There is an increase in AUC and t 1/2 for telavancin and a decrease in CL with increasing renal impairment, but no substantive change in maximum concentration after a single-dose administration. Additionally, the data suggest that, while the renal route is clearly important, other routes of elimination may also be involved.

In study B, urine was collected for 96 h, which is more than sufficient for complete excretion, based on the estimates of t ½, even in severe renal impairment. Despite this, only 28 % of the administered dose was recovered unchanged, suggesting that renal elimination of unchanged telavancin may not be the primary route of elimination in patients with moderate to severe renal impairment. Following i.v. administration, telavancin is largely excreted intact in urine (82 % after a single administration of 10 mg/kg) [9], with the remaining dose being eliminated as several hydroxylated metabolites. In subjects with increasing renal impairment, the renal contribution to CL will be reduced in favour of the metabolic component, resulting in a reduced percentage of telavancin being recovered unchanged.

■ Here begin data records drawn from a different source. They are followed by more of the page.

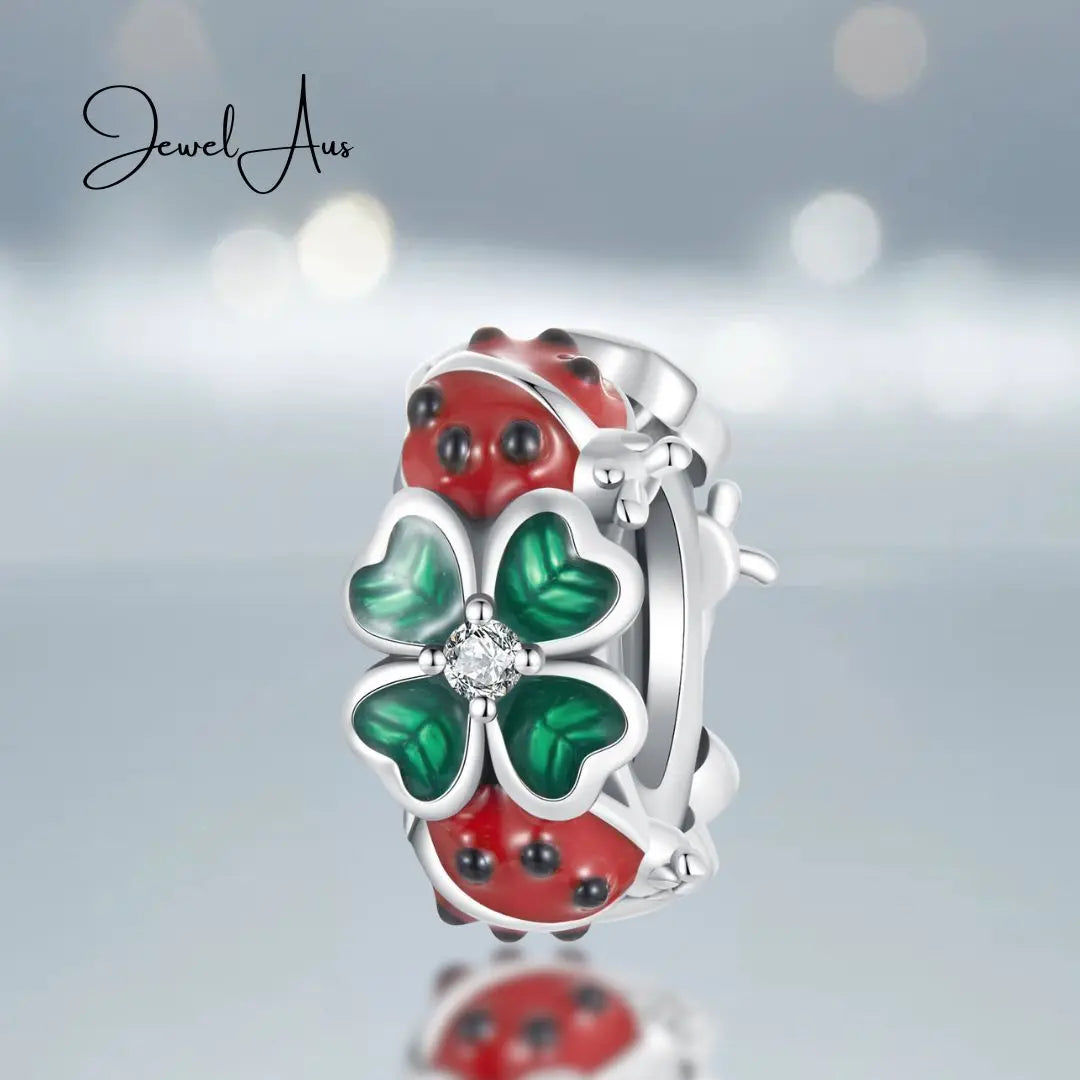 Clover Lady Bug Stopper Charm jewelaus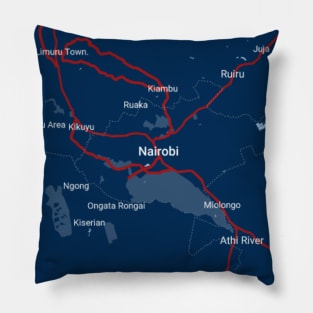 Nairobi blue map Pillow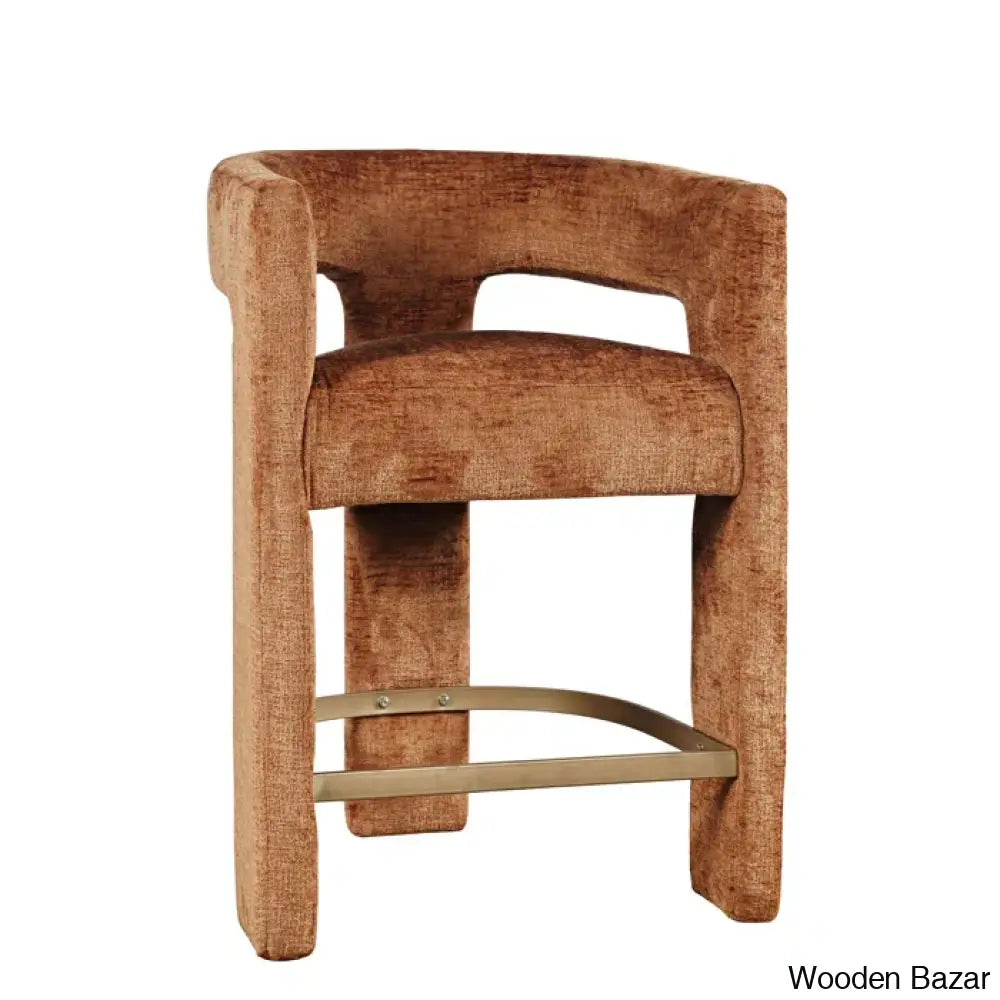 Carlinez Modern Upholstered 25’’ Counter And Bar Stool - Wooden Bazar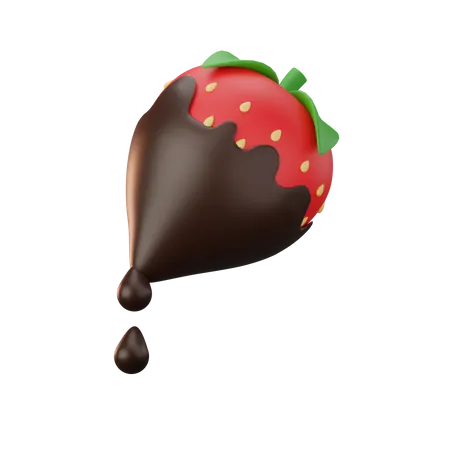 Chocolate Dipped Strawberry  3D Icon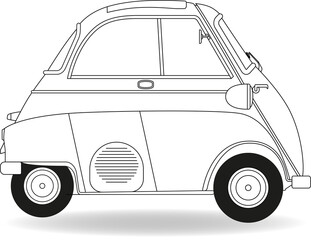 Ein alter deutscher kleiner Oldtimer als Konturzeichnung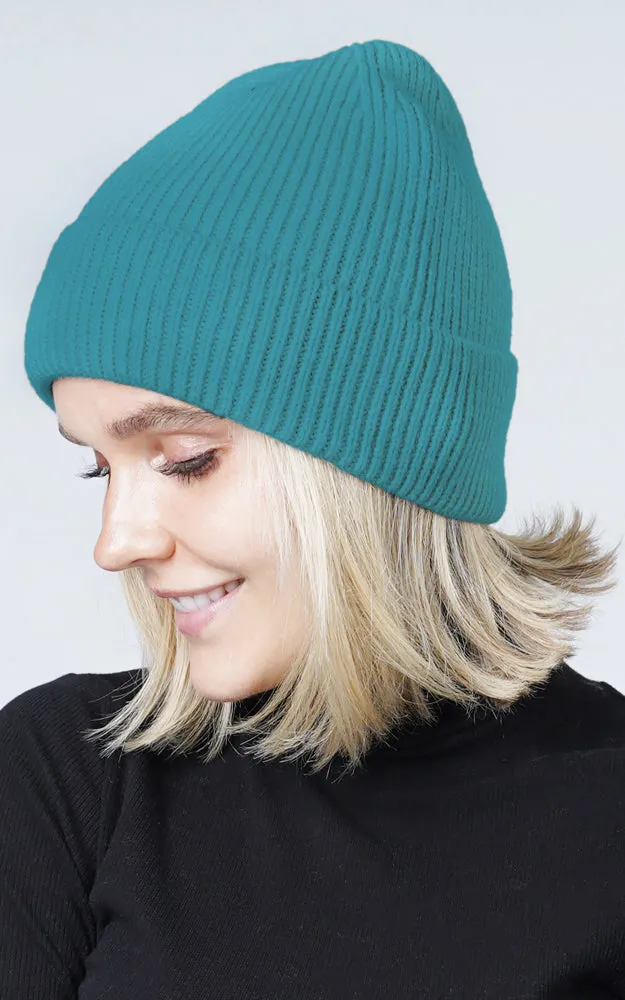 EAHT10436 Solid Ribbed Cuff Knit Beanie Hat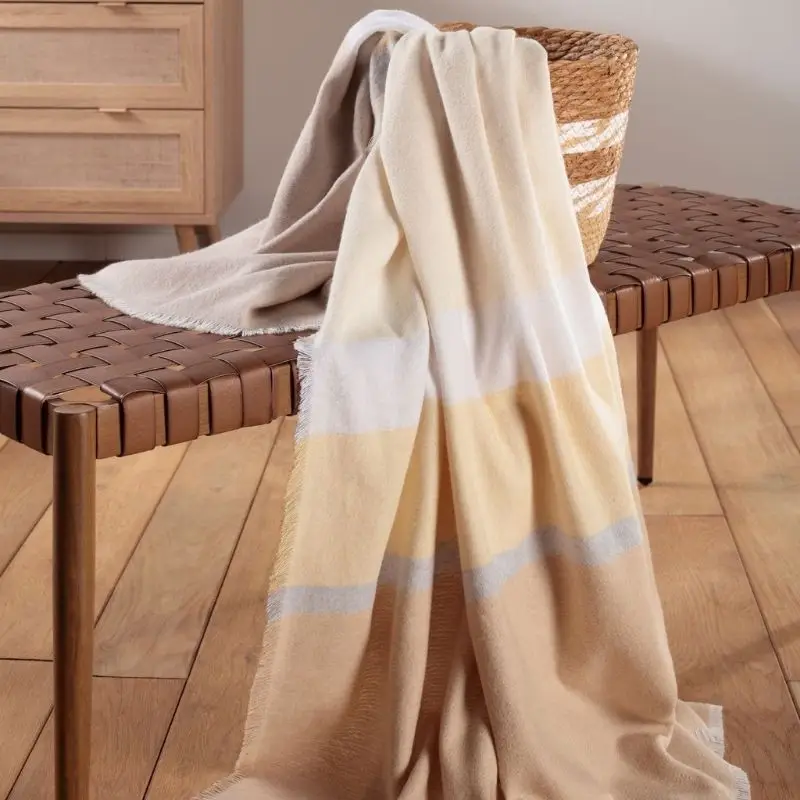 Plaid Sand Stripe 130 x 170 cm, Biederlack Bon Plan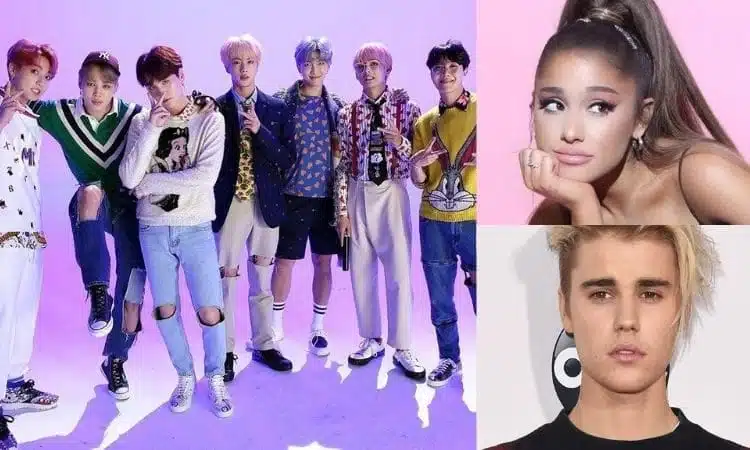BTS, Ariana Grande y Justin Bieber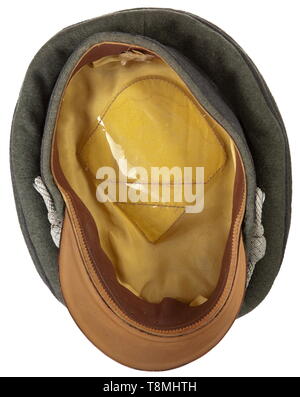 A visor cap for Sonderführer of the army in officer rank maker Erel, Berlin  Late private purchase piece in field-grey gabardine, grey trim band and  piping, golden-yellow silk liner with cap trapezoid (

Based on previous data from subjects with normal renal function, the t ½ of hydroxypropylbetadex was 2.5 ± 0.84 h (data on file) [15]. In previously studied patients with severe renal impairment, the t ½ of hydroxypropylbetadex was 15.6 ± 6.0 h, and total CL was 0.67 ± 0.2 mL/h/kg (data on file, referenced in [15]), values that are consistent with the results of our study. There was no clear change in V ss of hydroxypropylbetadex with worsening renal function, although total body CL increased in proportion to decreases in eGFR, indicating that renal impairment reduces hydroxypropylbetadex CL, resulting in an increase in AUC. However, given the dosage adjustment in patients with moderate (CLcr 30–50 mL/min) and severe (10– < 30 mL/min) renal impairment, hydroxypropylbetadex exposure is expected to be reduced.

In study A, approximately 6 % of the telavancin dose was eliminated during a 4-h haemodialysis session, but the calculated haemodialysis clearance is approximately 25 % of total body CL. This observation suggests that a longer duration of dialysis might clear a larger proportion of drug dose.

Plasma concentrations of hydroxypropylbetadex were also higher in subjects with renal impairment in both studies as well as in haemodialysis patients (study A only). However, dialysis is known to remove hydroxypropylbetadex [15]. The differential effect of renal impairment on telavancin exposure versus hydroxypropylbetadex exposure may be due to a lack of metabolic clearance.

To conclude, dose adjustment of telavancin in patients with renal impairment is supported by the findings of two independent phase 1 studies in subjects with varying degrees of renal impairment. Telavancin 10 mg/kg every 24 h is recommended for patients with CLcr >50 mL/min, 7.5 mg/kg every 24 h for patients with CLcr 30–50 mL/min and 10 mg/kg every 48 h for those with CLcr 10–30 mL/min. Results from two independent phase 1 studies suggest that dose adjustment of telavancin is required in subjects with varying degrees of RI.